Assuming screen voltage is constant, screen current falls as
anode voltage rises in every datasheet I've ever seen, of
pentode or beam tetrode. Anode voltage appears to control
the share of current between anode and screen, whereas
screen voltage determines the total current, from a casual
inspection.

> Now with these two rough wet finger estimations:
> triode mu = (screen mu) * (plate mu) * (1 + A) / ( (plate
> mu) * (1 + A) + (screen mu)) (8)
>
> It appears that triode mu is lower than screen mu defined
> as -- dVg2 / dVg1 @ dVa = 0; dIg2 = 0, again the it is NOT
> CONCLUSIVE because of very wild assumptions made.
>
> So it is not possible to say who was right, me or Ian
> Everson, we are both wrong. One thing is definite -- it is
> not possible to fully describe triode mu from the screen
> mu and the plate mu alone.
>
> Later I might present similar derivations for screen mu
> defined as -- dVg2 / dVg1 @ dVa = 0; dVa = 0, as
> originally suggested by "Flipper".

That's not what he suggested, and what he suggested was
wrong anyway, so what's the point?

Ian

"Ian Iveson" > wrote in message
...
> Alex wrote:
>
>>> Come to think of it, if you have mu g1.a, and mu g1.g2, you should know
>>> everything, surely?
>>>
>>> Erm, what about:
>>>
>>> Let mug1a = x
>>> Let mug1s = y
>>> Then musa = x/y
>>> and muas = y/x
>>>
>>> Let triodemu = w
>>>
>>> Then w = y + y.w/x
>>>
>>> So w = x.y/(x-y)
>>>
>>> That is:
>>>
>>> Triode mu = anode mu * screen mu / (anode mu - screen mu)
>>>
>>> Wadya think?
>>
>> Perhaps
>> triode mu = x * y / (x + y) ?
>>
> Your equation would make triode mu less than screen mu. That can't be
> true, surely, because the anode voltage change, from constant voltage for
> measuring screen mu, to triode mode for measuring triode mu, is in the
> same direction as the screen voltage change, and so I can't see how mu
> could be diminished.

In my mind it is quite natural that triode mu is less than screen mu. Screen
mu is defermined by the field ffom g2 penetrating through g1. In a triode
connection both the field from g2 and the field from the plate (the later is
additionally reduced by g3) penetrate g1. Therefore there is more "field
negative feedback" in triode connection as opposed to using g2 as the plate
and connectind the real plate to a fixed voltage rail...
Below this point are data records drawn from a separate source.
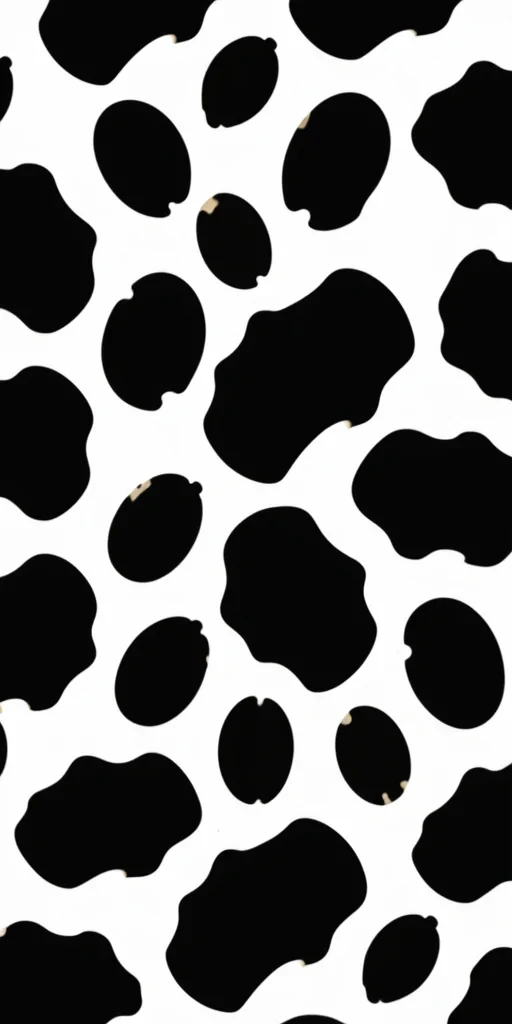 cowprint background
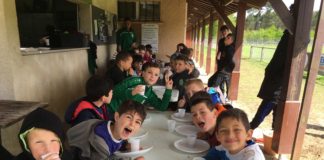 Accrobranche, foot et course d’orientation pour les jeunes d’US Illats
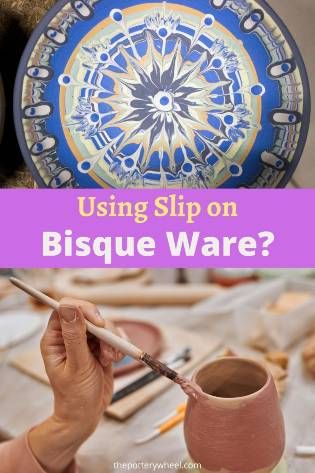 Can You Use Decorating Slip on Bisque? - Slip on Bisqueware Pottery Slips, Terra Cotta Vase, Liquid Paper, Make Your Own Clay, Pottery Slip, Decorating Pottery, Bisque Pottery, Pottery Projects, Beginner Pottery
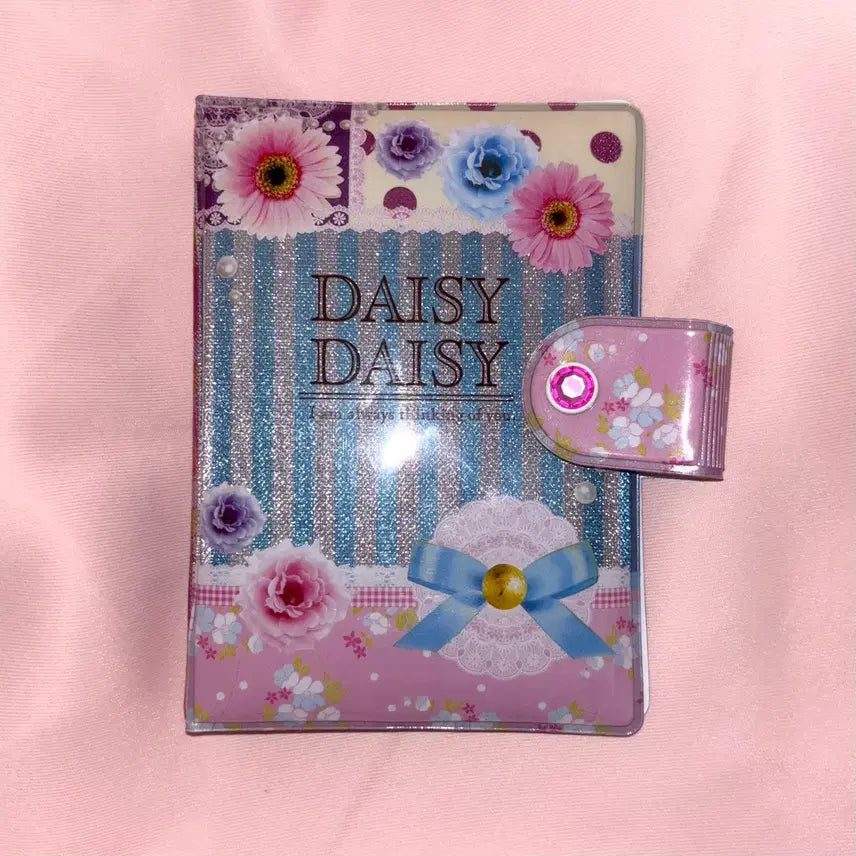 [BUNJANG] Heisei Sticker Seal Binder Diary A7 / 헤이세이 스티커 씰 바인더 다이어리 a7고전문구스티커북레트로수첩빈티지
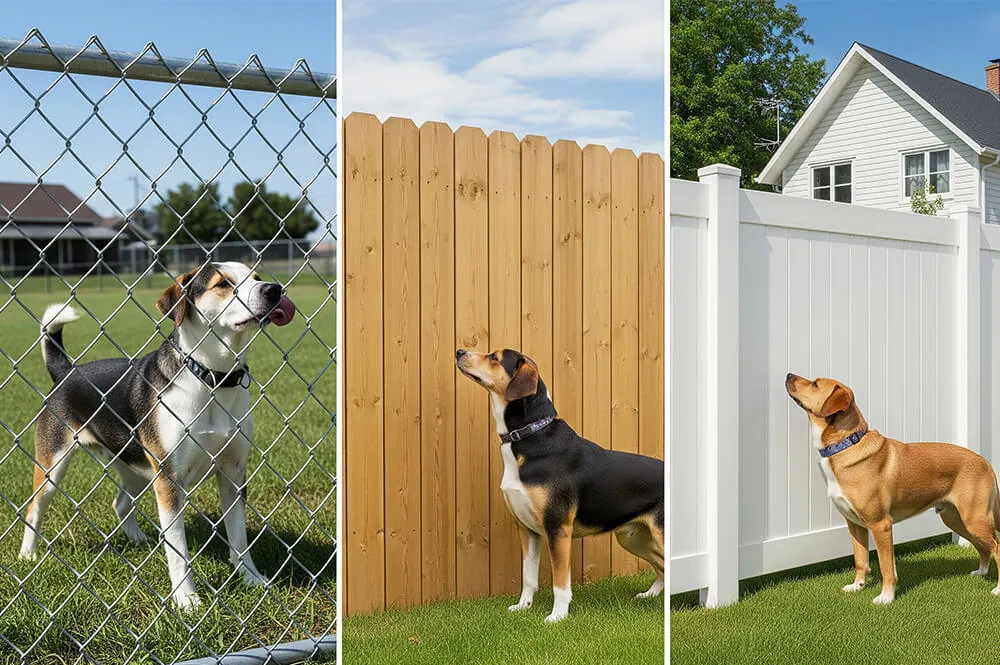 Dog fence options to keep your pet safe at home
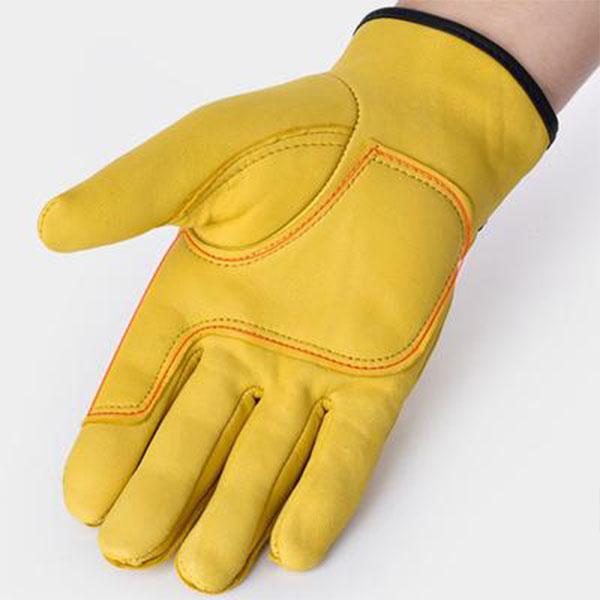 Перчатки унисекс из воловьей кожи для садоводства, верховой езды, плотницких работ, защиты от шипов, сварочных перчаток для защиты труда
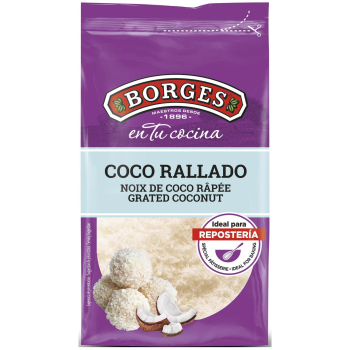 Coco rallado Borges 200 g.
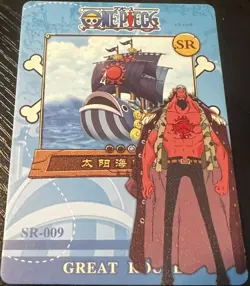 One Piece CCG Monkey D. Luffy Gear 4 Foil & Fisher Tiger - Image 3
Anyway, now when your have changed your definition, I will try to check the
maths as well. Let us agree that:
Plate mu = dVa/dVg1 @ Ia = const; Vg2 = const;
Screen mu = dVg2/dVg1 @ Ig2 = const; Va = const;
Triode mu = dVa/dVg1 @ Ia+Ig2 = const.

Our task is to (try to) express triode mu through Screen mu and Plate mu.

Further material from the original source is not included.